A Danish king Harthacnut still ruled England, recognizing as his heir the Aethling Edward, son of Aethelred, later celebrated for saintly piety as the Confessor. But on 8 June 1042 Harthacnut, attending a wedding in London, raised a toast to the bride and ‘suddenly fell to the earth with an awful convulsion’. The saintly Edward probably poisoned him. Edward was supported by the prince blinder, mass-scalper and kingmaker Godwin of Wessex, who, married to Canute’s sister-in-law, had helped destroy his father and killed at least one brother. But now they soothed these crimes with marriage: Edward married Godwin’s daughter Edith and raised his son Harold to earl. When Godwin died, Harold, half Anglo-Saxon, half Dane, succeeded as the first potentate of the kingdom, earl of Wessex. Since Edward had no children, who would inherit England?

The island was on the edge of Europe, but Canute’s Roman trip showed how this Scando-Britannic empire was now linked by Mediterranean trade routes to Asia. Two coins from a resurgent China have been found in Edward’s England, while in Egypt the Mad Caliph, al-Hakim, had gone much further, contacting the new Chinese emperor.

But in Cairo this Arab Caligula turned on his entourage. Once, passing a butcher’s shop, he just took a cleaver and killed one of his courtiers without even stopping. Then he cancelled his anti-Jewish, anti-Christian decrees and enforced a new puritanism on the Cairenes.

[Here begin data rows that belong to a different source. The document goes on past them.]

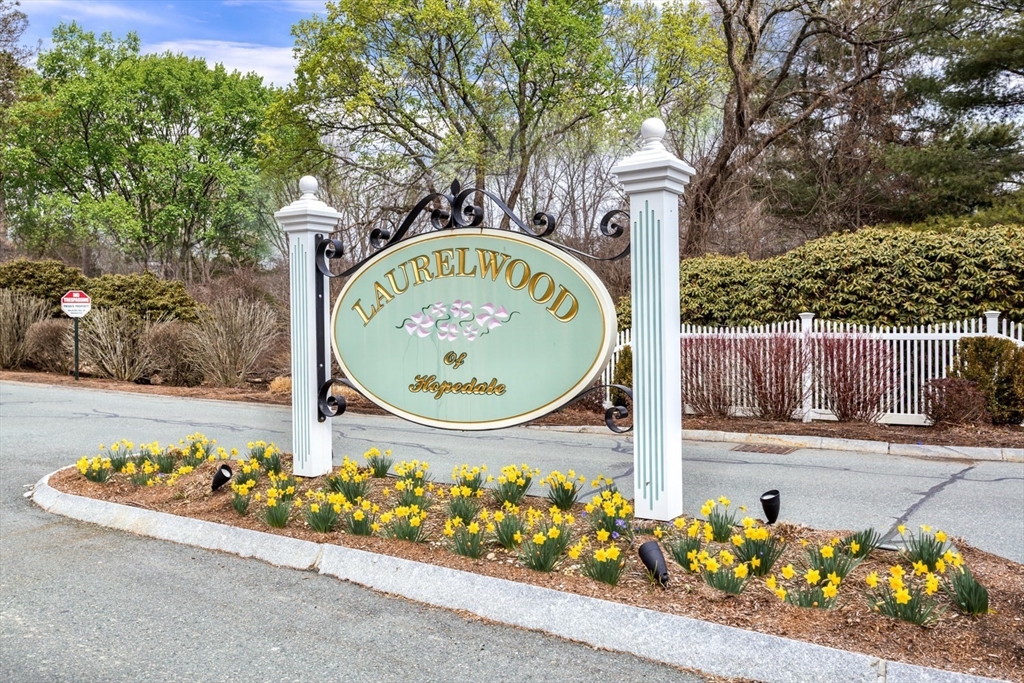 106 Laurelwood Dr # 106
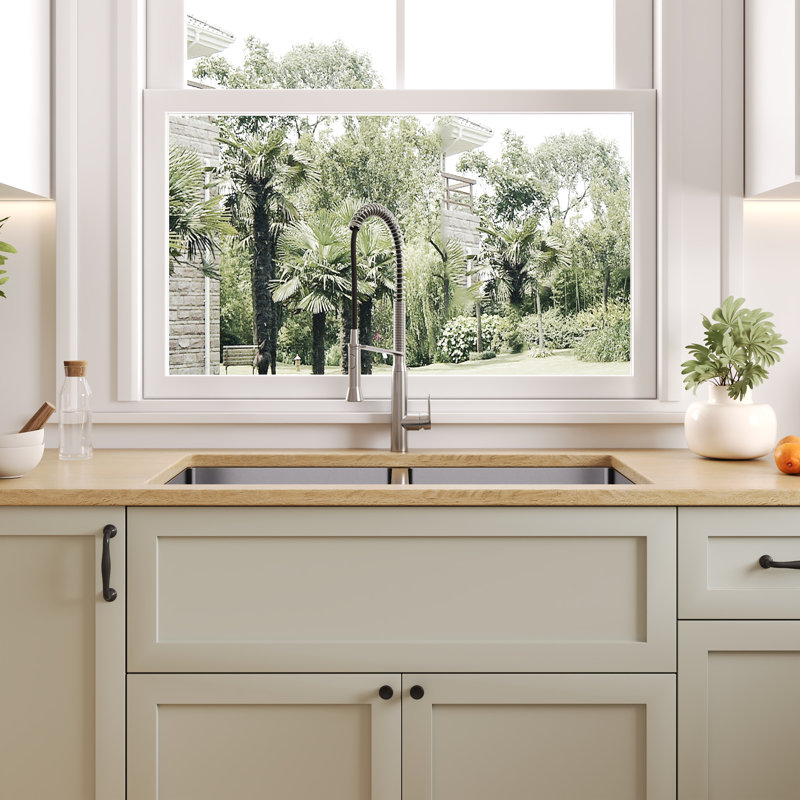 DeerValley 33'' Stainless Steel Double Bowl Undermount Kitchen Sink
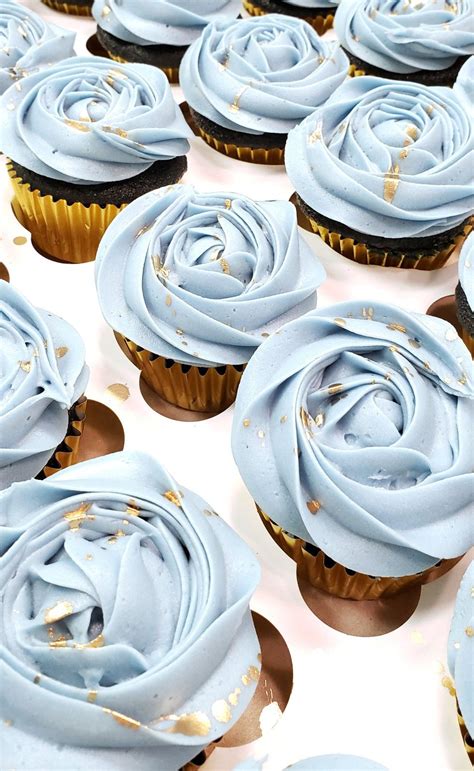 Blue with gold splatter wedding cupcakes | Cupcake cakes, Cupcake cake ...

All women had to wear veils and alcohol was banned – a sign of how lax society had become in Cairo. He beheaded many of his own concubines, banned all singing and dancing, then forbade women from going out at all, even to shop. When they ignored his orders, they were killed. When they protested that they had to go out shopping, al-Hakim told them to order deliveries to the home – a caliphal version of Amazon. Other strange measures followed: his wasita (chief minister) and generals were frequently executed; cats and dogs were destroyed; eating watercress, grapes and fish without scales was banned.

Touched by the sanctity of the imamate and the young caliph’s wild charisma, some Ismaili sectarians believed that al-Hakim ‘personified God within him’ and hailed him as divine, an idea that appealed to the caliph, who now wandered Cairo streets in drug-fuelled trances. But the grandees were worried.

Al-Hakim was close to his sister Sitt al-Mulk – a title that meant Lady of Power. She was fearless, fortyish, as blonde and blue-eyed as the caliph. But he now became paranoid about her intrigues. Some of his suspicions were correct. Sitt al-Mulk lived in splendour in her own palace where she dared to hide potential victims of her brother’s insanity. Al-Hakim accused her of ‘fornication’ with generals and viziers, executing one who may have been her lover. Sitt al-Mulk realized she was in peril and made her plans.

When al-Hakim nominated a cousin, not his young son al-Zahir, as heir, Sitt al-Mulk protected the child and wrote to a general called Ibn Daws to tell him that the caliph accused the two of them of having an affair. It was either kill or be killed.

In 1021, al-Hakim, now thirty-six, rode out of Cairo to meditate and never came back. His body was never found, just bloodied rags.

Yet his influence has endured to this day.* Al-Hakim, whose ports in Arabia and the Red Sea regularly traded with India and China, learned from these seafarers that something had changed in China. In 1008, he sent a sea captain, Domiyat, to China to deliver gifts and letters to Zhenzong, emperor of a new dynasty – the Song – that had opened a new act and made the Central Country the most dynamic, prosperous, sophisticated and technologically innovative empire on earth. As if inventing gunpowder, printing and the compass was not enough, its founder may have invented football.